### What you are asked to do
Look through the records below, and copy out every line that holds the string "Image".

### Data for review
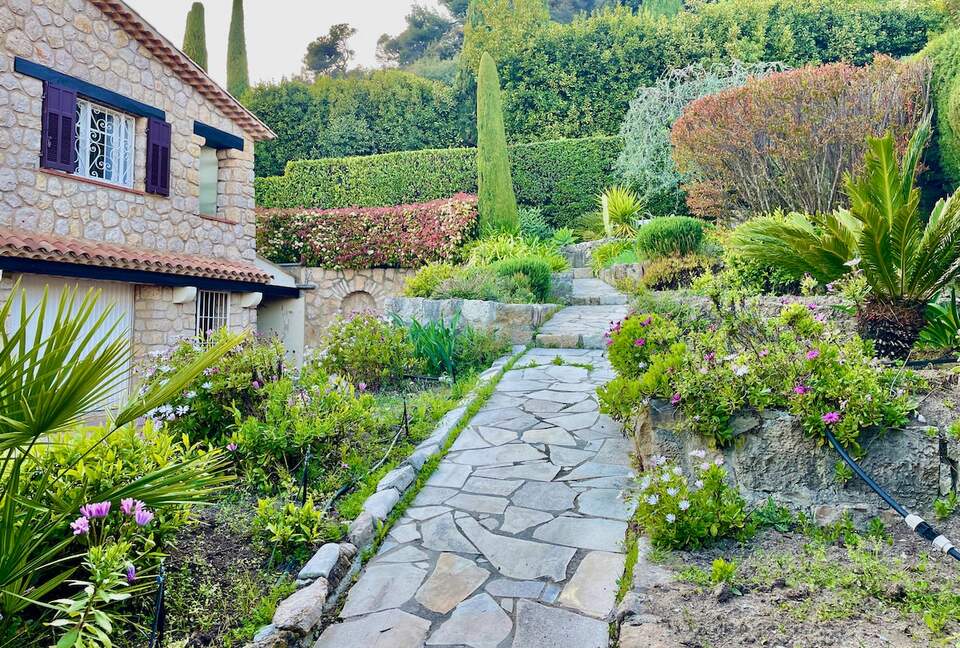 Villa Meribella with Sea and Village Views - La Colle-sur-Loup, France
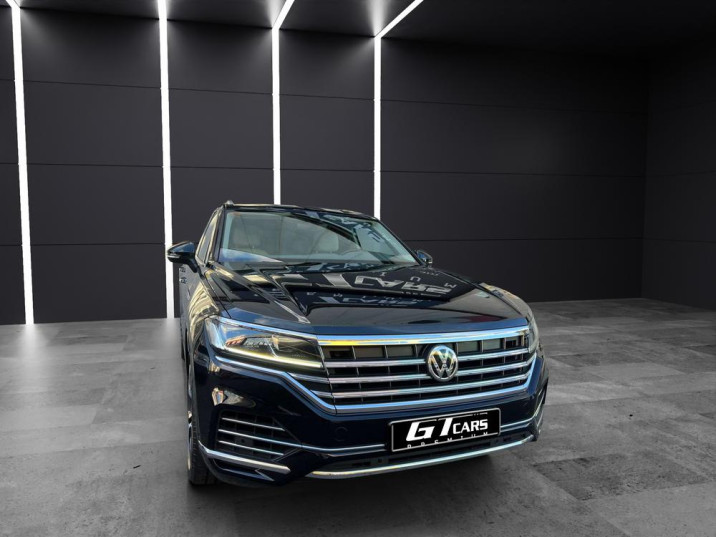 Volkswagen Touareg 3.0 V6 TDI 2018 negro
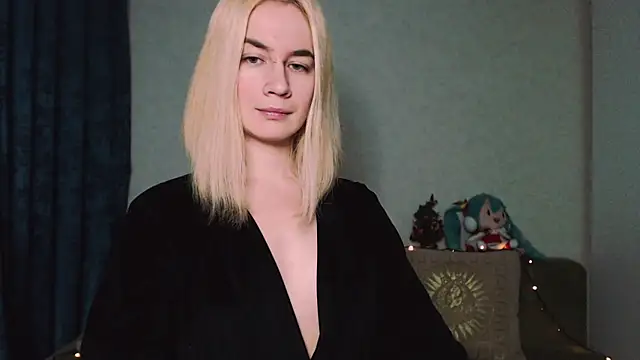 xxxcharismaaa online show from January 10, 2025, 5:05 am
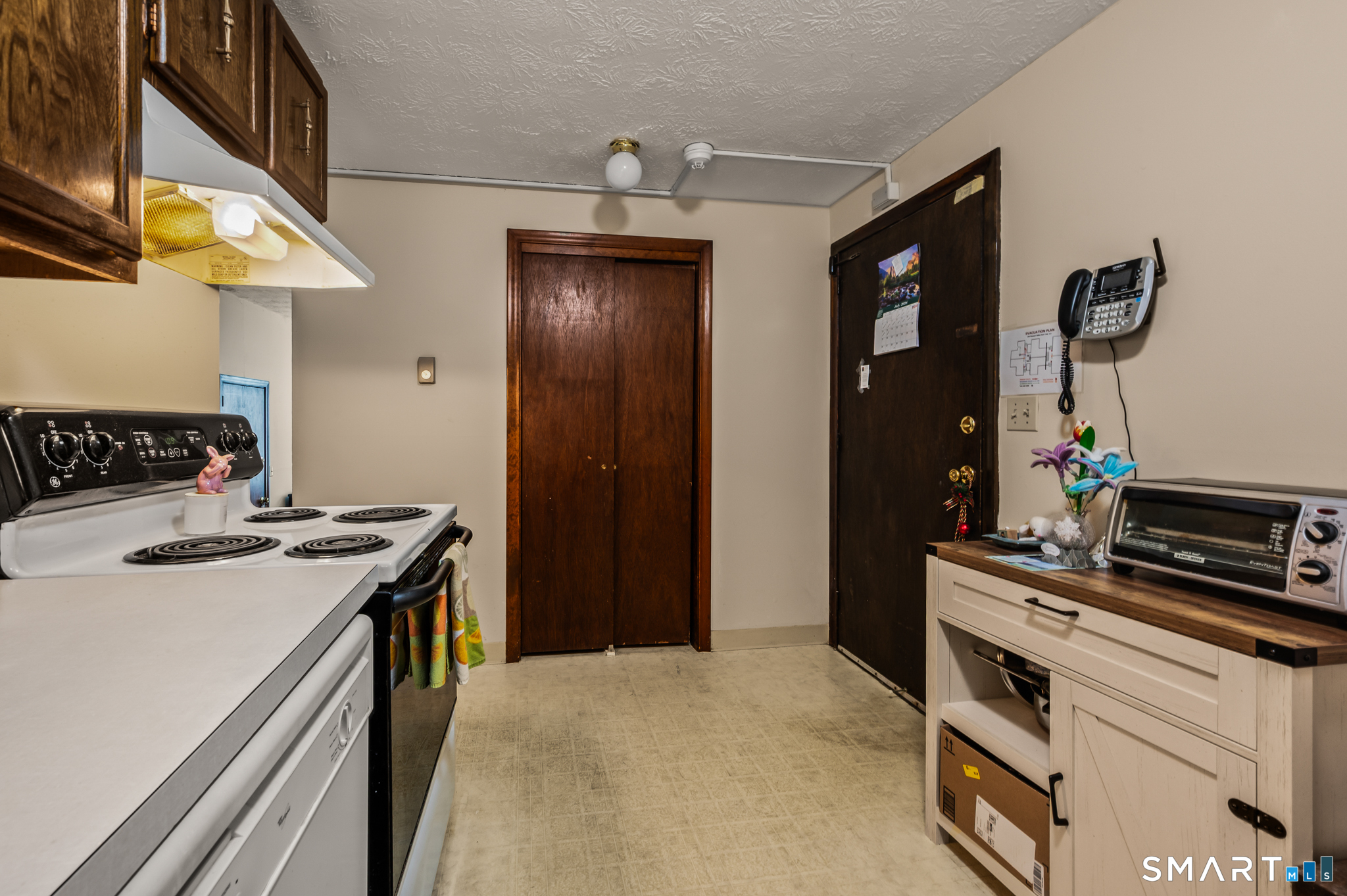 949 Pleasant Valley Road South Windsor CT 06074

==

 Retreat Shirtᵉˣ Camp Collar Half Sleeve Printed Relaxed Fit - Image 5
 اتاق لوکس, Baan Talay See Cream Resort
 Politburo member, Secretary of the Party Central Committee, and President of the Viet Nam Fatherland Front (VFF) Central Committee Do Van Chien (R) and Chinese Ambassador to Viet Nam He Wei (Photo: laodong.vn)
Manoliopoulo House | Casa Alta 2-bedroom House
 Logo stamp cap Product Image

---

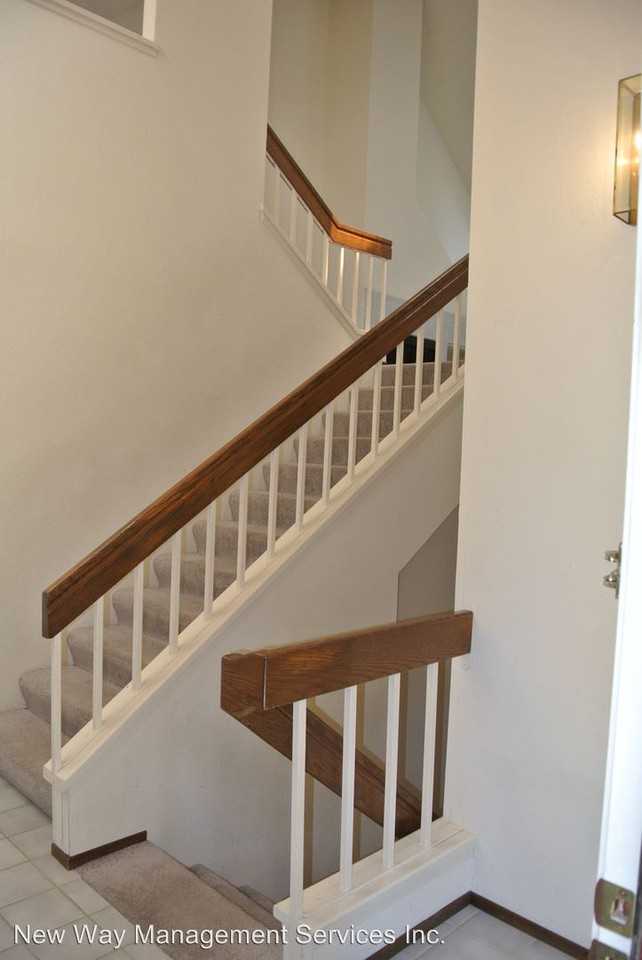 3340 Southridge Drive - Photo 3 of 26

### Task output
 Retreat Shirtᵉˣ Camp Collar Half Sleeve Printed Relaxed Fit - Image 5
 Logo stamp cap Product Image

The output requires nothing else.